Alice Könitz (born 1970, Essen, Germany) is an artist based in Los Angeles. Her sculptures, films, and collages use a formal language that is influenced by the contemporary built environment and early modernism. Könitz studied at the Kunstakademie in Duesseldorf and at Cal Arts.

She received an Akademiebrief from the Kunstakademie in Duesseldorf in 1996 and an MFA from California Institute of the Arts in 1999.

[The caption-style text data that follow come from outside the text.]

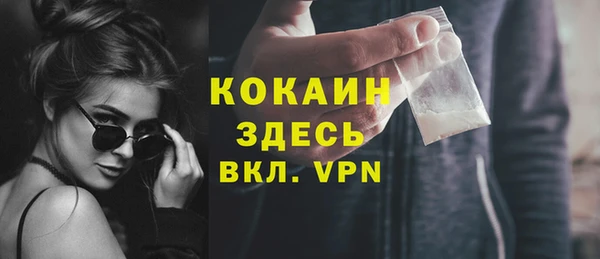 apvp Коряжма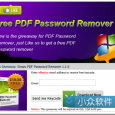 [限时免费] PDF Password Remover 1.1.0 - 轻松解除 PDF 文档加密 3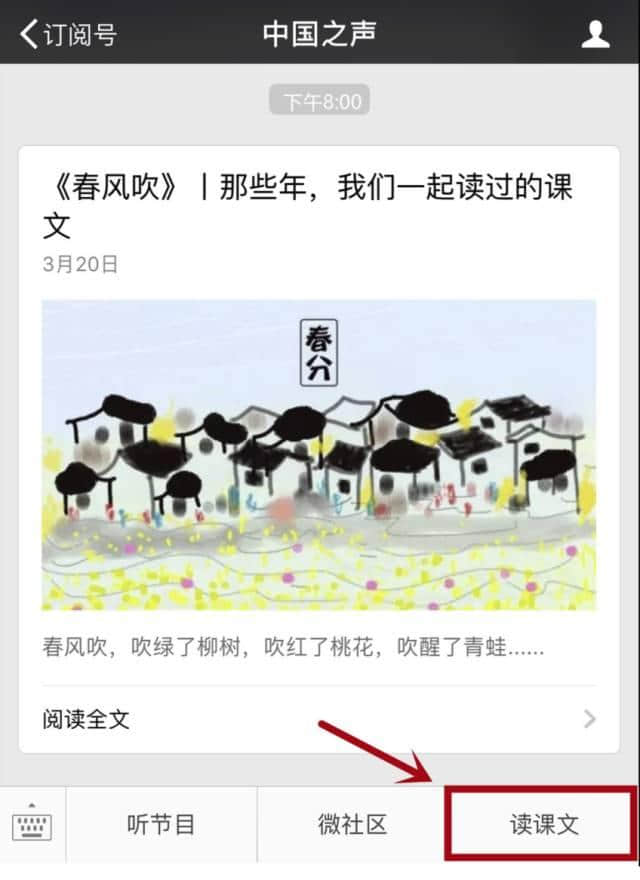 《为学》丨那些年，我们一起读过的课文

Her work has been shown widely in the US and internationally. It was included in the Hammer Museum's biennial Made in L.A 2014, the 2008 Whitney Biennial, the 2008 California Biennial, Half Square Half Crazy at the Villa Arson in Nice, France, 2007, 'If the Hippies Cut Their Hair, I Don't Care, I Don't Care' at Galerie Michael Hall, Vienna, 'Play it as it Lays: 17 Artists from Los Angeles' at The London Institute, London, and the 2001 Tirana Biennial in Albania.

==The Los Angeles Museum of Art==
Founded in 2012 by Alice Könitz, The Los Angeles Museum of Art (LAMOA) is an experimental exhibition space that the artist describes as a "platform for an organic institution that lives through participation." In 2014, The Los Angeles Museum of Art was included in the Hammer Museum's biennial Made in L.A 2014, winning the Mohn Award.